Engineering report: The soft side of engineers

Younger workers are embracing people skills, letting computers do the math
McElhanney Consulting Services transportation consultant Selena Wilson: working at an international level to improve the communication skills of consulting engineers | Dominic Schaefer

When Selena Wilson talks about her job, she speaks of the reward of making an impact on society through problem solving, effective communication and strong leadership. These skills didn’t come with her university training: they were hard-won after the fact, once she was on the job and learning the real skill set of a consulting engineer.

“Every engineer is a little surprised by the skills needed for success, particularly the need for strong writing skills,” said Wilson. “Most engineers don’t particularly enjoy writing, but the further you go in your career, the more writing and communications you do.”

Wilson is a professional engineer and transportation consultant with McElhanney Consulting Services, most recently working as the highway design lead and civil co-ordinator on the Port Mann Bridge on-shore design project. She’s also the current chair of the Young Professional Forum (YPF) steering committee, a branch of the International Federation of Consulting Engineers (FIDIC).

The Young Professional Forum provides professional development conferences and seminars to consulting engineers with fewer than 10 years in the field. Programs range from international conferences to local breakfast seminars. Usual topics are those skills they didn’t learn in school: conflict resolution, problem solving, project management, effective communications, etc.

“We’re trying to get people out of their bubble and start networking,” said Wilson of the YPF’s active professional development programs. “Soft skills cannot be underestimated; it’s all about teamwork and people.”

Her boss agrees. Chris Newcomb, McElhanney CEO with 44 years on the job, has seen the role of consulting engineer evolve from mathematical wizard to effective communicator.

“Consulting engineers do not need to be brilliant mathematicians but very good project managers, public speakers and writers,” said Newcomb. He finds new engineers to be relatively unprepared, and often unaware, of the need for skills outside of technical engineering design. Technology has played a large role in this shift.

“What once took me all day to complete with a slide rule, a computer can now do in three seconds,” said Newcomb. Instead of focusing solely on calculations, engineers now have time to consider the bigger picture and address environmental, societal and economic consequences of their projects.

As an elected member of the committee that runs the FIDIC, Newcomb values the YPF’s role in helping prepare the younger generation for leadership roles. He believes the work that Wilson and her counterparts do outside of office hours is invaluable to McElhanney’s future.

“Selena stands in front of an audience of 500, from all over the world, and speaks in a polished and professional manner,” said Newcomb, who didn’t have those opportunities when he was starting out. “We have a new generation at McElhanney who believe in themselves and believe they can make a difference.”

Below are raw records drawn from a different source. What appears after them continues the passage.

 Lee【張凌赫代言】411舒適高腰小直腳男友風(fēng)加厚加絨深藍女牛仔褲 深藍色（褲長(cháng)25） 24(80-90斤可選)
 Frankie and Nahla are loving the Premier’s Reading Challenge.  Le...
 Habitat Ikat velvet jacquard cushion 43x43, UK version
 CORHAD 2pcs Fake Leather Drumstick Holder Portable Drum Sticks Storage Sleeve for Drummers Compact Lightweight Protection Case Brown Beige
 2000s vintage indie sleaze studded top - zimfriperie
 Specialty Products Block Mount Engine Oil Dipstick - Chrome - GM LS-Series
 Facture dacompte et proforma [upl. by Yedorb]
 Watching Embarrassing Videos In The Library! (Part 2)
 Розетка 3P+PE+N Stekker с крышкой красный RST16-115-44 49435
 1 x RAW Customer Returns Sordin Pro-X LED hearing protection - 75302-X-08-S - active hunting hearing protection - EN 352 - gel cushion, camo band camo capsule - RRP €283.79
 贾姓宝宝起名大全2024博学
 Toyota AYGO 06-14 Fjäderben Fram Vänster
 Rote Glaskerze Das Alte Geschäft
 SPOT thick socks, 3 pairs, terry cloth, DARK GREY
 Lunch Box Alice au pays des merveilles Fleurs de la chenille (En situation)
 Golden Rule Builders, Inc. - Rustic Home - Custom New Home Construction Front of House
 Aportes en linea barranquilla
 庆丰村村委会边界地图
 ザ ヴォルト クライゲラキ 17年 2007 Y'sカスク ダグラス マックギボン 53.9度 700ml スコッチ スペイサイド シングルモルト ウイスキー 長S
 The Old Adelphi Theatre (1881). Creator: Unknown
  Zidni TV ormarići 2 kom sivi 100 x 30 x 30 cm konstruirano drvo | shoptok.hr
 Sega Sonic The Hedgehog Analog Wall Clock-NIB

Allison Clavelle is a transportation engineer at Urban Systems, an interdisciplinary consulting service. She is the current chair of the regional branch of YPF, the Association of Consulting Engineering Companies (ACEC), and a key organizer in the local YPF breakfast seminar series.

“The seminars are really growing – we’re getting 80 people at each breakfast event,” said Clavelle. She believes that companies are very supportive of engineers attending professional events, and that senior engineers play a large role in encouraging new graduates to develop non-technical skills.

“Business skills are essential to move up the ladder into project manager positions,” said Clavelle. “You spend half your time writing about your math; you need to learn to communicate technical information to a non-technical audience.”

Clavelle is getting a double education through her ACEC-BC role: she not only benefits from the seminars’ offerings, but is developing additional leadership skills through her committee involvement. Working together with other young professionals as well as senior engineers in advisory roles, Clavelle is making connections, tackling public speaking challenges and completing project management work for the committee’s various tasks. She is unfazed by the unexpected focus on writing instead of arithmetic.

“I love working with people who are passionate about their job,” said Clavelle of her position with Urban Systems. “My co-workers live and breathe what they keeps me excited about my own career.”